The Federal Reserve will keep pumping cash into a vital but obscure corner of U.S. financial markets in coming weeks.
The New York Federal Reserve Bank, which handles the central bank’s interactions with financial markets, said Friday that it will offer daily repurchase, or “repo,” operations of at least $75 billion through Oct. 10. The aim is to maintain the Fed’s key policy rate within its target range.
For the first time since the 2008 financial crisis, the Fed last week conducted a series of major repo operations, injecting $278 billion into the market to deal with a jump in short-term interest rates.
Officials say last week’s spike in rates is not a precursor of the type of underlying troubles that preceded the 2008 market meltdown.
In addition to the daily overnight operations of $75 billion, the New York Fed said it would conduct longer 14-day repo operations of at least $30 billion on Tuesday, Thursday and Friday of this week.
The Fed said that it would be ready to conduct further operations as needed after Oct. 10 but the amount and timing of those auctions has not been determined.
In the fourth operation on Friday, banks asked for $75.55 billion in reserves, only slightly higher than the $75 billion limit set by the Fed.
The Fed began conducting these operations to calm money markets.
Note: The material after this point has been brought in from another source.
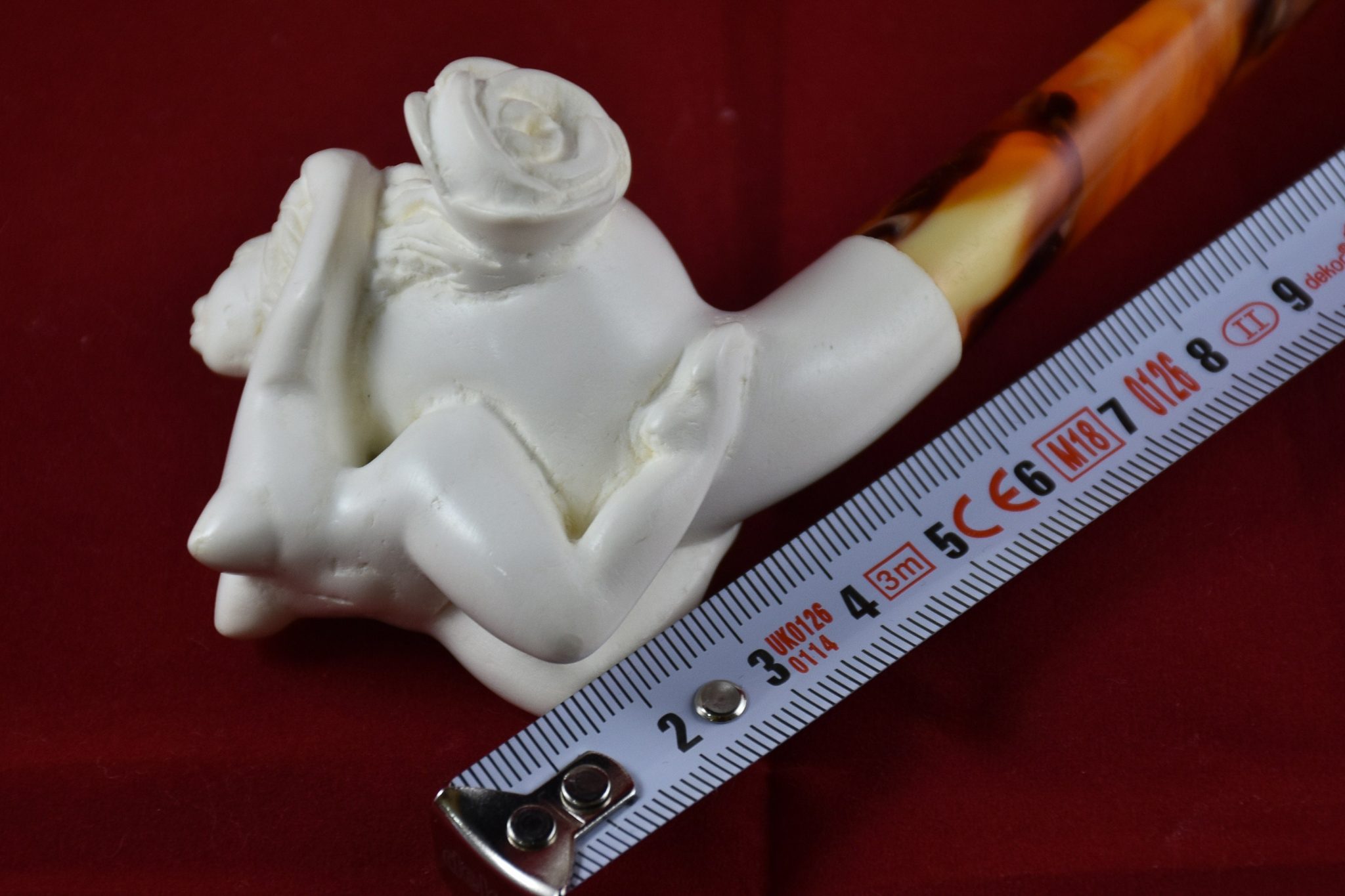 Deluxe Hand Carved Naked Lady Meerschaum Pipe Solid Block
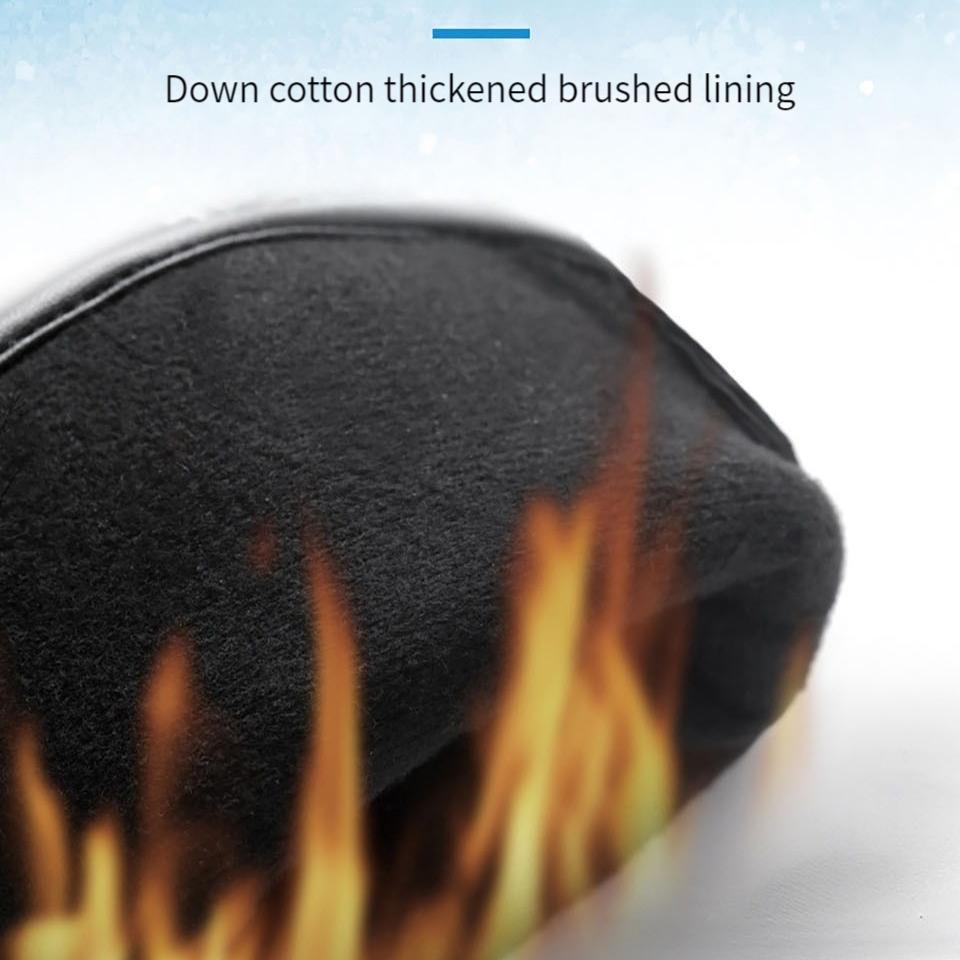 Winter Touch Screen Protector Warm Gloves for Unisex Outdoor Skiing Hiking Thick Velvet Full Finger Gloves Cycling Running Warm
Rates on short-term repo agreements had briefly spiked to nearly 10% earlier this week as financial firms scrambled to find short-term funding.
The Fed seeks to manage its operations to keep the repo rate near the target it has set for its key policy rate, the federal funds rate, the interest that banks charge each other for overnight borrowing.
The Fed announced on Wednesday that it was cutting the benchmark rate by a quarter-point to a new range of 1.75% to 2% as it seeks to cushion the U.S. economy from various threats, ranging from a slowing global economy to shocks from President Donald Trump’s trade war with China.
The repo market covers billions of dollars of daily operations in which one party lends out cash in exchange for a roughly equivalent value of securities, usually Treasury notes. The market allows companies that own lots of securities to get the cash they need at cheap rates.
The borrower of the cash agrees to repurchase the securities it has loaned as collateral at a later date, often as soon as the next day.
The turbulence last week has been attributed to various factors, including corporations needing to come up with cash to settle quarterly tax payments.
Analysts do not believe the rate spike last week is similar to the troubles seen as the nation was heading into the 2008 financial crisis. They believe banks are much better capitalized now due to the reforms put in place after the crisis.